Listed entries -
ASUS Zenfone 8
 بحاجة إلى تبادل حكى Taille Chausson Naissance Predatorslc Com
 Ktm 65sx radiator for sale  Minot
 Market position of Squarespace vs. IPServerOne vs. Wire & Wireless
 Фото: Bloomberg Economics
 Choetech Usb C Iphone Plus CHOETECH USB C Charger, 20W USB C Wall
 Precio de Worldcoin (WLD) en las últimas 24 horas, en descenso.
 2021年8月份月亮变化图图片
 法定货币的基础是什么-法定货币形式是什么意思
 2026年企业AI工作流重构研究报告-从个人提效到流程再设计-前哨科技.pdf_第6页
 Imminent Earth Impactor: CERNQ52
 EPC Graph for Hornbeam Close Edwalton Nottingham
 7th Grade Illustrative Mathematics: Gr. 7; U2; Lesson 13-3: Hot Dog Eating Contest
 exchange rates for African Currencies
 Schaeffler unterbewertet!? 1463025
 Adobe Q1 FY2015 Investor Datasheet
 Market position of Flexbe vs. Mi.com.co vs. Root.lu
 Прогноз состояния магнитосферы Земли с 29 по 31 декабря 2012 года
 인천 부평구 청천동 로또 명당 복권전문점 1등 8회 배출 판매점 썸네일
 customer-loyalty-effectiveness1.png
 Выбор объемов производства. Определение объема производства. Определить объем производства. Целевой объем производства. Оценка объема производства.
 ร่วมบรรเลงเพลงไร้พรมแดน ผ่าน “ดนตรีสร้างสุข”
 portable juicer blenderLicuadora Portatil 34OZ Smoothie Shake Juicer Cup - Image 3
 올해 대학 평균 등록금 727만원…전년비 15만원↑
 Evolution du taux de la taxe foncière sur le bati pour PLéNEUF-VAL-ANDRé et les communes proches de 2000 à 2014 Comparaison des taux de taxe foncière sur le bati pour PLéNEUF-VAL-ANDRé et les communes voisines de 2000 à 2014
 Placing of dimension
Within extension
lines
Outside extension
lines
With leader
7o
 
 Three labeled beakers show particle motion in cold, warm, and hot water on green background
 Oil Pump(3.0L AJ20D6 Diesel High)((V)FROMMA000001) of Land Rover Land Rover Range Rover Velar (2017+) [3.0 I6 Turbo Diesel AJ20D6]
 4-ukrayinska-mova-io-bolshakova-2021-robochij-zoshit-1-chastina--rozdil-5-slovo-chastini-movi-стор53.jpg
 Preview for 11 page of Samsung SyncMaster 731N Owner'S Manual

Task brief - May I have all of the records repeated exactly?

Solution to this task -
ASUS Zenfone 8
 بحاجة إلى تبادل حكى Taille Chausson Naissance Predatorslc Com
 Ktm 65sx radiator for sale  Minot
 Market position of Squarespace vs. IPServerOne vs. Wire & Wireless
 Фото: Bloomberg Economics
 Choetech Usb C Iphone Plus CHOETECH USB C Charger, 20W USB C Wall
 Precio de Worldcoin (WLD) en las últimas 24 horas, en descenso.
 2021年8月份月亮变化图图片
 法定货币的基础是什么-法定货币形式是什么意思
 2026年企业AI工作流重构研究报告-从个人提效到流程再设计-前哨科技.pdf_第6页
 Imminent Earth Impactor: CERNQ52
 EPC Graph for Hornbeam Close Edwalton Nottingham
 7th Grade Illustrative Mathematics: Gr. 7; U2; Lesson 13-3: Hot Dog Eating Contest
 exchange rates for African Currencies
 Schaeffler unterbewertet!? 1463025
 Adobe Q1 FY2015 Investor Datasheet
 Market position of Flexbe vs. Mi.com.co vs. Root.lu
 Прогноз состояния магнитосферы Земли с 29 по 31 декабря 2012 года
 인천 부평구 청천동 로또 명당 복권전문점 1등 8회 배출 판매점 썸네일
 customer-loyalty-effectiveness1.png
 Выбор объемов производства. Определение объема производства. Определить объем производства. Целевой объем производства. Оценка объема производства.
 ร่วมบรรเลงเพลงไร้พรมแดน ผ่าน “ดนตรีสร้างสุข”
 portable juicer blenderLicuadora Portatil 34OZ Smoothie Shake Juicer Cup - Image 3
 올해 대학 평균 등록금 727만원…전년비 15만원↑
 Evolution du taux de la taxe foncière sur le bati pour PLéNEUF-VAL-ANDRé et les communes proches de 2000 à 2014 Comparaison des taux de taxe foncière sur le bati pour PLéNEUF-VAL-ANDRé et les communes voisines de 2000 à 2014
 Placing of dimension
Within extension
lines
Outside extension
lines
With leader
7o
 
 Three labeled beakers show particle motion in cold, warm, and hot water on green background
 Oil Pump(3.0L AJ20D6 Diesel High)((V)FROMMA000001) of Land Rover Land Rover Range Rover Velar (2017+) [3.0 I6 Turbo Diesel AJ20D6]
 4-ukrayinska-mova-io-bolshakova-2021-robochij-zoshit-1-chastina--rozdil-5-slovo-chastini-movi-стор53.jpg
 Preview for 11 page of Samsung SyncMaster 731N Owner'S Manual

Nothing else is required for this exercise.